Records section start
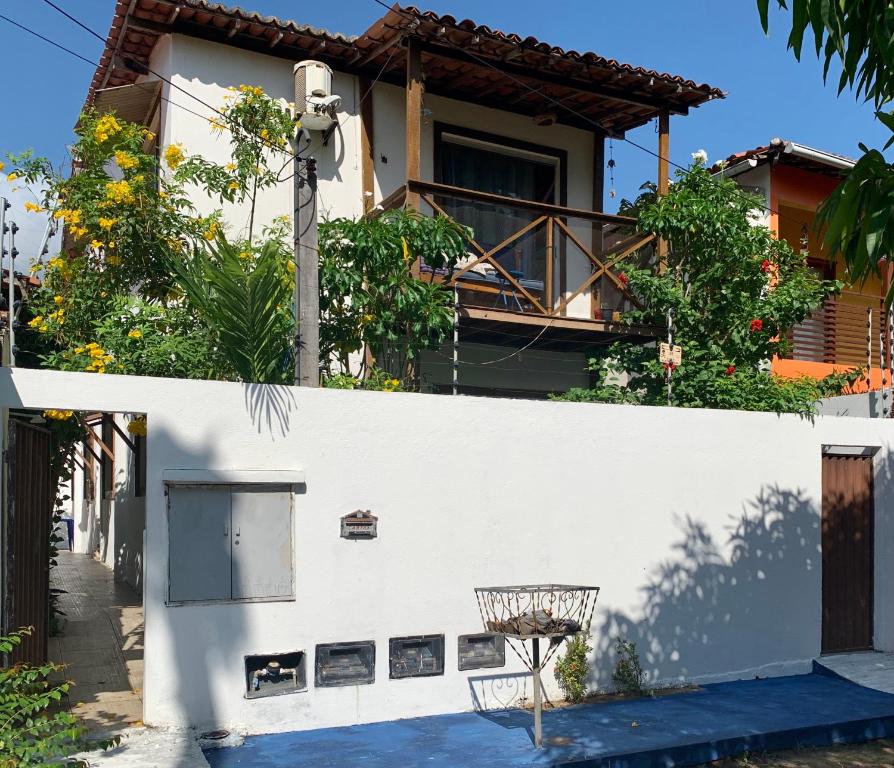 a white house with a basketball hoop in front of it at La Perla in Pipa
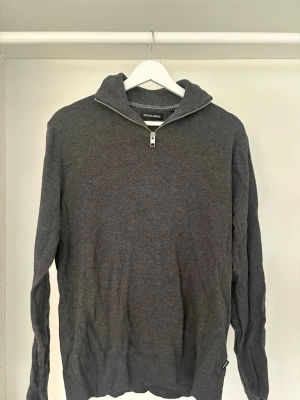 Mörkgrå halvzip tröja Jack & Jones - Mörkgrå stickad tröja från Jack & Jones med halvzip och hög krage. Tröjan har långa ärmar och ribbade muddar vid ärmslut och nederkant. Perfekt för lager på lager och enkel att matcha med olika stilar.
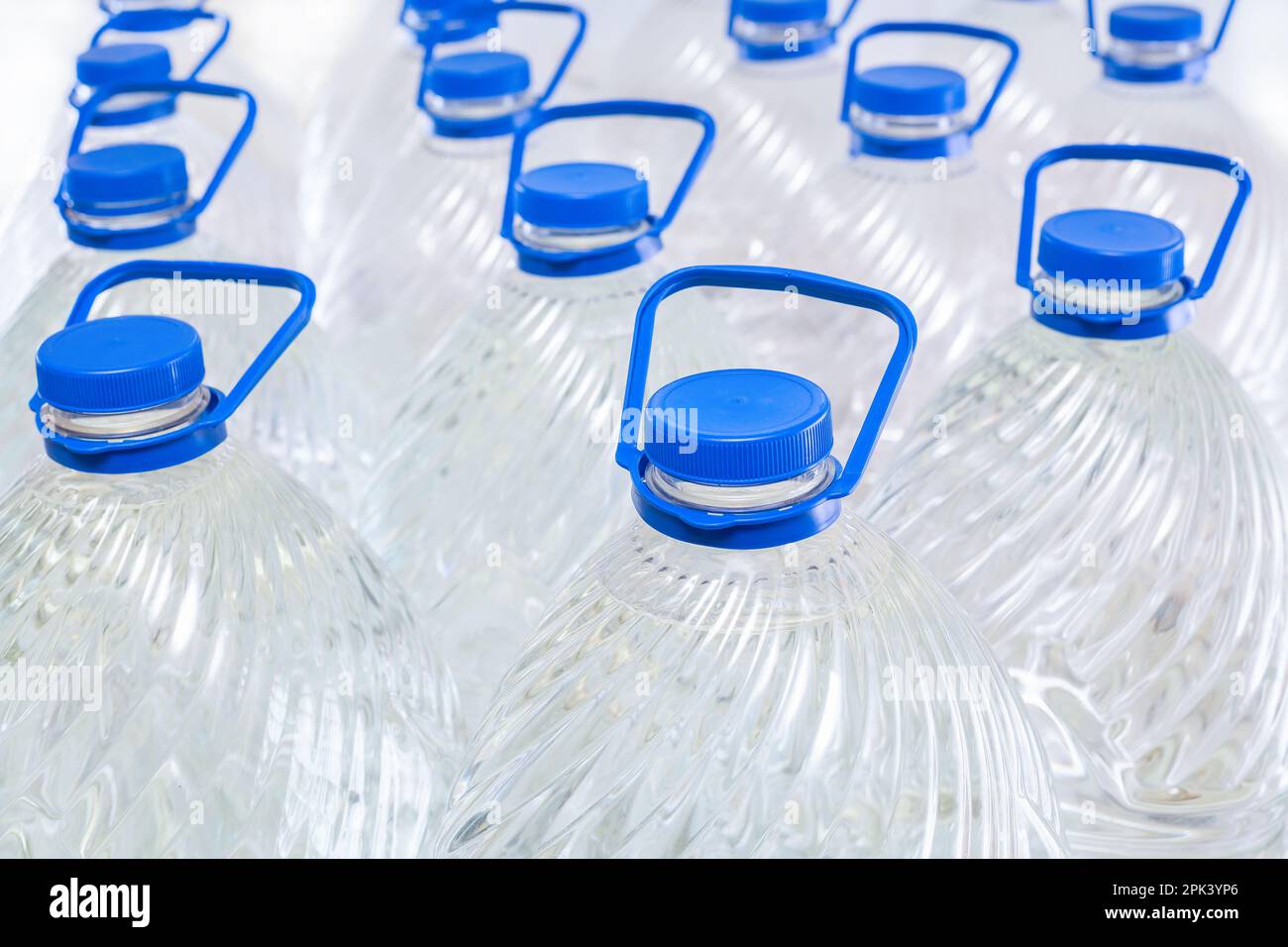 Water in plastic bottles on a white background, isolated Stock Photo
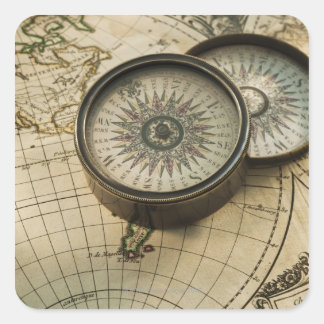 Antique compass on map square sticker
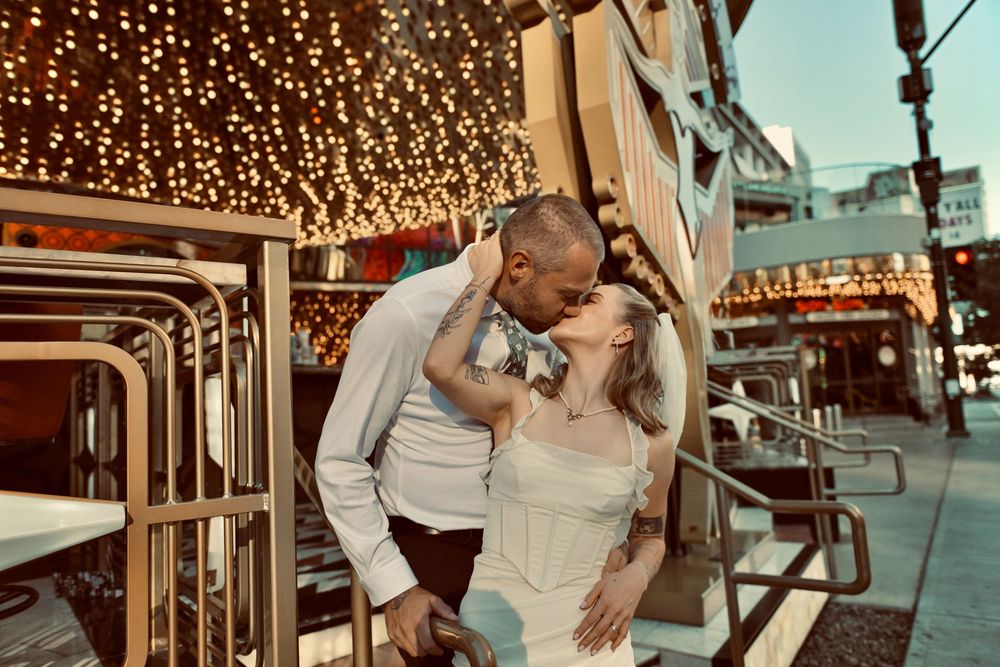 A couple in white embraces and kisses on a city sidewalk beneath twinkling string lights at dusk.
Records section end
- Task description -
Print exactly the lines between the line containing "Water in plastic" and the last line of the entries above, including both, and nothing besides; skip the pictures.

- Solved problem -
 Water in plastic bottles on a white background, isolated Stock Photo
 Antique compass on map square sticker
 A couple in white embraces and kisses on a city sidewalk beneath twinkling string lights at dusk.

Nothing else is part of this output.